Son escasas las palabras que en estos tiempos pueden pavonearse de ser tan polisémicas y mentadas como la tan llevada y traída «fula».
En este caso, no alude al CUC —al cual también se le llama fula—, pero su valor en el habla cotidiana de los cubanos pareciera también equivaler a 25... a otros 25 vocablos, sobre todo en función de adjetivos, que a veces se contradicen entre sí.
Pero estas líneas no son para hablar del lenguaje, sino de cómo este expresa o no un importante concepto: la decencia.
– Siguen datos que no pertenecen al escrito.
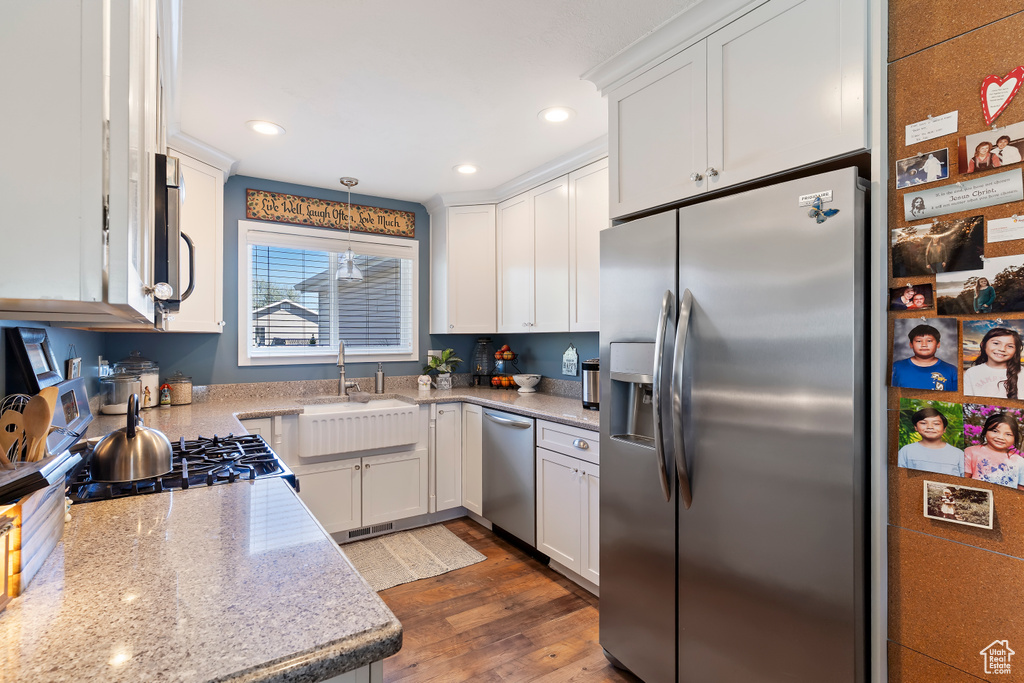Kitchen featuring a sink, stainless steel appliances, white cabinetry, dark wood-type flooring, and recessed lighting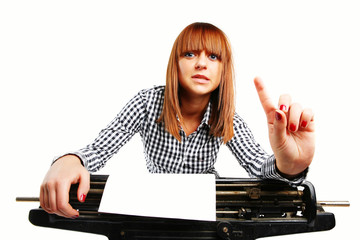 Business woman portrait in office with vintage typing machine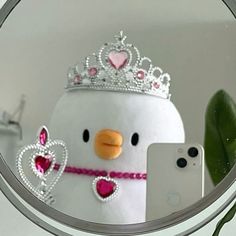 a mirror with a penguin wearing a tiara and holding a cell phone in front of it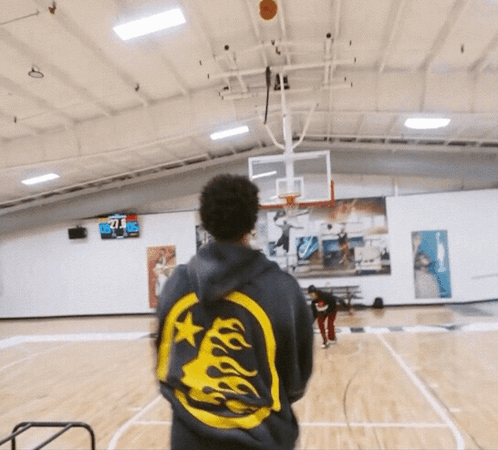 a man stands on a basketball court wearing a hoodie with flames on it and the number 71 on the back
Resulta que si el tío paterno no dice groserías a toda hora ni anda robando o tratando de sobornar a la gente, «es un tipo fulísima». Así escuché a un adolescente expresarse del susodicho pariente y me dejó pensando.
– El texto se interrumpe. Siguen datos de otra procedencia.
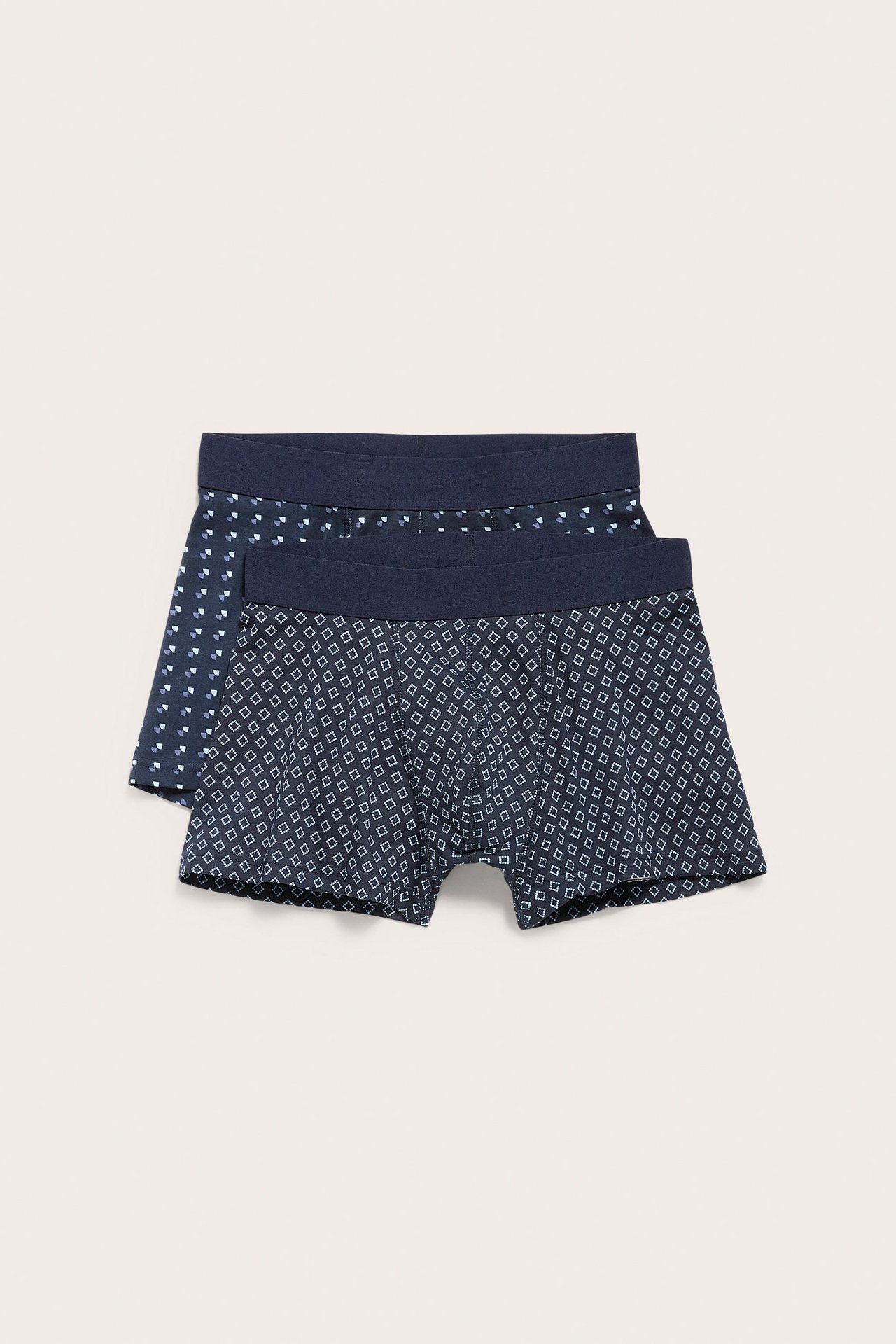 Frontbilde av to par mørkeblå mønstrede boxershorts for menn med elastisk linning.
Por los tantos significados que puede encerrar la dichosa palabreja, no era fácil descifrar si en esa oportunidad el muchacho la usaba con un sentido de alabanza o de crítica. Pero la entonación usada, junto a la expresión del rostro, parecían indicar que la intención del hablante no era precisamente halagar.
El tío del muchacho era «fulísima» porque no hacía lo que otros. No estaba con «la moda».
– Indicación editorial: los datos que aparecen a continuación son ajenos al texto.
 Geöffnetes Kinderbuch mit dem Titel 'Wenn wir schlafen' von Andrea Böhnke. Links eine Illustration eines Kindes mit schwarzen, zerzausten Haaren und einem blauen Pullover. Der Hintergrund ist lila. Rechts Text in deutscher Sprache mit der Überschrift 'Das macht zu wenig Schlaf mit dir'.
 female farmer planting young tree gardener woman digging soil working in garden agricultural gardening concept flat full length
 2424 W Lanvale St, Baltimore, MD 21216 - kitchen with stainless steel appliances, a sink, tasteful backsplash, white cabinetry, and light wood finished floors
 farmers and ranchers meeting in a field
Pareciera, por el gesto de extrañeza —¿repulsa?— del sobrino, como si en la actualidad fuera de bichos raros conducirse correctamente, respetar normas, tratar de ser un ciudadano cabal, en fin, decente.
Sin embargo, para los abuelos y los ya tatarabuelos, ser decente era una exigencia no escrita, pero tácita, al valorar a las personas. Cada quien sentía orgullo al ser catalogado de decente y si el asunto era recomendar a otro, no podía dársele mejor aval que el de persona decente.
Pobre, pero honrado; pobre, pero decente, acostumbraban decir cubanos de otras generaciones, sobre todo las crecidas antes de 1959, cuando el caso era sacar a relucir el bien más preciado de alguien que pocos bienes materiales de valor tenía.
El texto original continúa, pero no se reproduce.